How would you house the fan such that the humidity does not get into the electrical stuff? I'm always paranoid of going home to ashes.....


----------



## Pumilo (Sep 4, 2010)

Brian317 said:


> Ok thanks for the answer ! Do you happen to know which adapter is best? Which brands do you use....if you use one. I've heard some work and some dont....so just wanna get something i can use . Appreciate the advice !

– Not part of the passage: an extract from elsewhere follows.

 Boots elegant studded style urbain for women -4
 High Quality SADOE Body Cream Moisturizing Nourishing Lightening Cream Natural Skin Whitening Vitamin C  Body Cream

That is somewhat dependent on what fan you are using. The fans I chose to use are a 12 volt fan and they draw .22 amps. Now I can run my fan on less voltage if I want to, but using more voltage could shorten the life. Therefor I chose an adapter that has adjustable voltage. I can switch it from 3,5,6,7.5,9, or 12 volts. I needed an adapter that with an output of at least .22 amps. I chose an adapter with an output of 1.8 to 2 amps max. If I keep to the safe side of 1.8 amps, and I divide 1.8 (adapters amp output) by .22 (Fans amp draw), get an answer of 8.18. So my choice of adapter will allow me to power a maximum of 8 of my fans on one adapter. By switching the voltage down, I can slow down my fans. I found it on eBay.
My fans are bigger than the 40mm case fans used in the how to thread I cited. By sanding the corners off, I was able to fit a 60mm case fan into a very similar housing. This gives me a good bit more airflow so I thought it would be prudent to use an adjustable adapter.


----------



## Wallace Grover (Dec 6, 2009)

Now, are we talking completely sealed tanks here?

I have a 3/4 inch vent at the top of my vert...


----------



## Pumilo (Sep 4, 2010)

leuc11 said:


> I have domb quesion but I always thought about, does having a misting system or having water get on the fan in the tank effect the fan at all it may sound stupid but just thinking about it bothers me





miko12 said:


> How would you house the fan such that the humidity does not get into the electrical stuff? I'm always paranoid of going home to ashes.....


The adapter is on 110v but it is out of the viv. Within the viv we are only playing with 12 volts. I run my mister and my fan at the same time with no problems. There is a guy on the board that reports using the same fan, with misting, for 5 years and still running! When I did RC cars, we typically ran a higher amperage draw motor on 7.2 volts and we would completely submerge it in water, with it running, with our bare hands, for cleaning purposes and brush seating and we would not feel any shock.
I would never run a 110v fan in the viv for the reasons you guys stated above. 



Wallace Grover said:


> Now, are we talking completely sealed tanks here?
> 
> I have a 3/4 inch vent at the top of my vert...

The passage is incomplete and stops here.